Mary is a sinner in need of a saviour just like the rest of mankind.
I don't know you; forgive me if this sounds harsh, but there's no pleasant sounding way to warn a swimmer of a shark.
All of your harping would be so boring and long-winded if it weren't so dangerous. From the first pages of Scripture, God has announced the enmity between the serpent and "the woman", between the serpent's seed and the seed of "the woman" (cf. Gn. 3.15). And every time I see Protestants, out of their zeal for the worship of the one God, drag down into the mud and stomp upon the dignity of the Mother of Jesus (the only woman with seed because of her ever-virginal motherhood), I can't help but hear Christ's words directed toward them: "You are of your father the devil, and your will is to do your father’s desires. He was a murderer from the beginning, and has nothing to do with the truth, because there is no truth in him. When he lies, he speaks according to his own nature, for he is a liar and the father of lies" (Jn. 8.44).
No one denies that Mary needed a Savior. She said so herself (cf. Lk. 1.47). But, typically, even if we see others sinning, we don't call them sinners or think badly of them, because we recognize, as Paul did, that each of us ourselves is the foremost among sinners (cf. I Tim. 1.15). So why do you think you have the right to take your eyes off your own spiritual misery and heap insults on Jesus' Mother? Do you think Jesus is impressed?
No, he's not impressed.
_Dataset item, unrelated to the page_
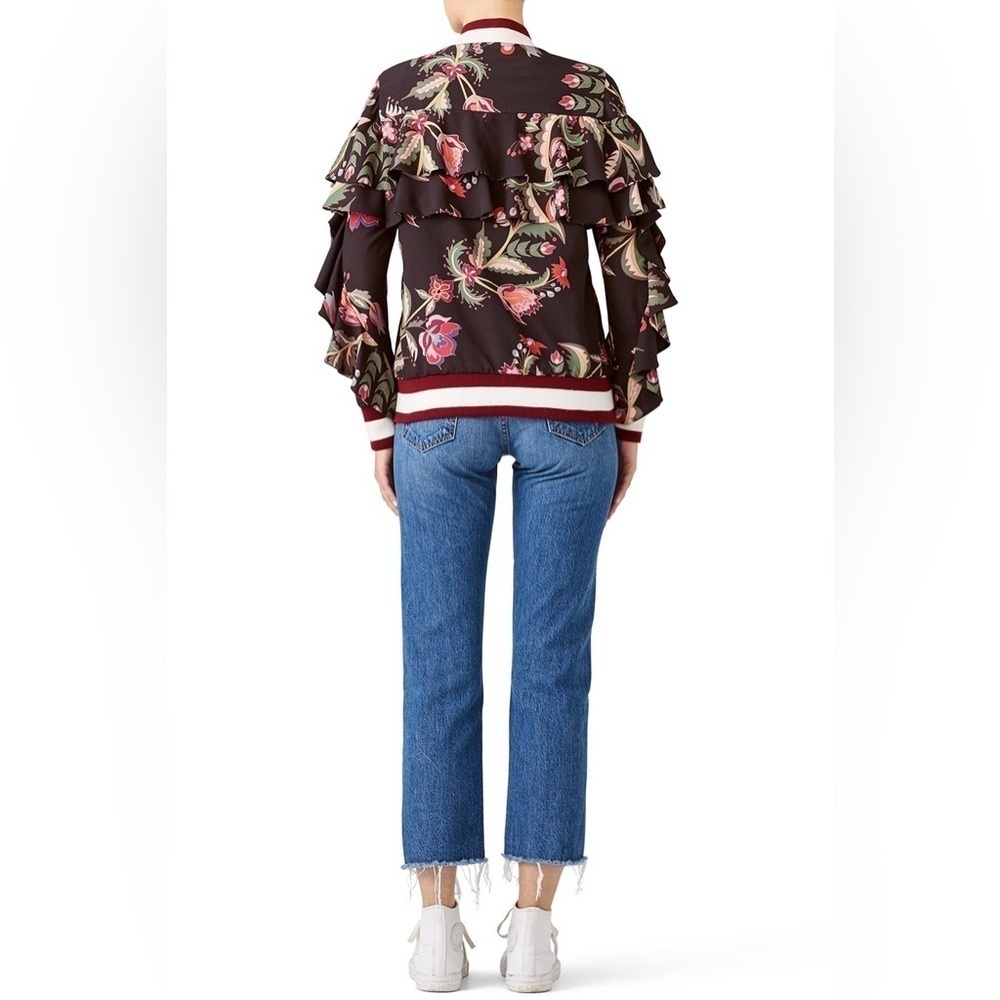 Pat BO Black Fiesta Ruffle Sleeve Bomber Jacket - Picture 2 of 5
He is impressed when a woman cries out in a crowd "Blessed is the womb that bore you, and the breasts at which you nursed", and rather than contradict those words, he amplifies them by declaring blessed those who hear the word of God and keep it (cf. Lk. 11.27-28). No one in Scripture heard the word of God and kept it better than Mary, who heard God's word with the ears and heart of faith and brought it forth in her manner of life even before she heard God's word through the angel with the same ears and heart of faith, bringing forth God's Son made flesh, flesh of her flesh, bone of her bone, blood of her blood. It was because there was no one who heard the word of God and kept it better than Mary that God chose her to be the mother of his Son; he didn't just scour the world looking for an incubator and say "That Jew will do."
LBK and others have given you a lot of Scripture and a lot of ideas from Scripture to consider. If you are really interested, interact with that material, as others in this thread have, who may not understand at first but are willing to ponder and learn. No one expects you to understand or believe immediately, but there's a way to seek understanding and then there's simply the obstinate refusal to believe nothing but your own wisdom. Don't do the latter.
When LBK wrote about the role of the Queen Mother in the OT, I couldn't help but think of the Wedding at Cana (cf. Jn. 2.1-11). When Mary approaches Jesus with the problem of the lack of wine, he at first doesn't seem disposed to do anything about it: he tells her that it's not their concern, and that his hour has not yet come. But Mary's insistent plea for her Son's help takes on another form, as she prepares the servants to "do whatever he tells" them. And Christ, even though his hour had not yet come, advances that hour--alters his schedule and plan, as we might say--to provide wine for a wedding (relatively unimportant in the grand scheme of things), because it meant so much to his mother that he help. He advanced his approach to Calvary in order to answer the seemingly insignificant request of his mother. Are we to believe that he won't listen to her when she asks for even more important things?
And at Calvary, on the cross, he thought of his mother: "When Jesus saw his mother, and the disciple whom he loved standing near, he said to his mother, 'Woman, behold, your son!' Then he said to the disciple, 'Behold, your mother!' And from that hour the disciple took her to his own home" (Jn. 19.26-27). Now, we believe that this "beloved disciple" was John himself, but it's surely not an accident, but the intention of the Holy Spirit, that he is not named, but is simply "the disciple whom Jesus loved". Jesus gives his mother another son: his beloved disciple. And the beloved disciple receives a mother: Jesus' own mother. If we would be another of Jesus' beloved disciples, how can we ignore the gift he gave us in his mother, his dying gift to us from the cross? If we would be another of Jesus' beloved disciples, how can we not but take his mother into our own homes and lives as immediately as that beloved disciple did?
As Fr Thomas Hopko taught in a podcast I can't recall right now, "Mary is a mystery of the Church". Only when one has truly accepted Christ with faith and repentance and become a member of his Body through baptism and the Eucharist can they understand Mary. She doesn't make sense to those outside the Church, to those who are not members of Christ's Body; maybe that's why the Devil and his children hate her with such passion. If you are not Christ's, then Mary will never make sense to you, and that is your choice (i.e., to remain outside the house instead of joining the family). But don't think you can get away with ridiculing things as important as Mary just because you don't understand them. No man likes it when you insult his mother, much less the God-Man, and I wouldn't recommend annoying him: "Your mama" jokes always end badly. Edited to add a citation.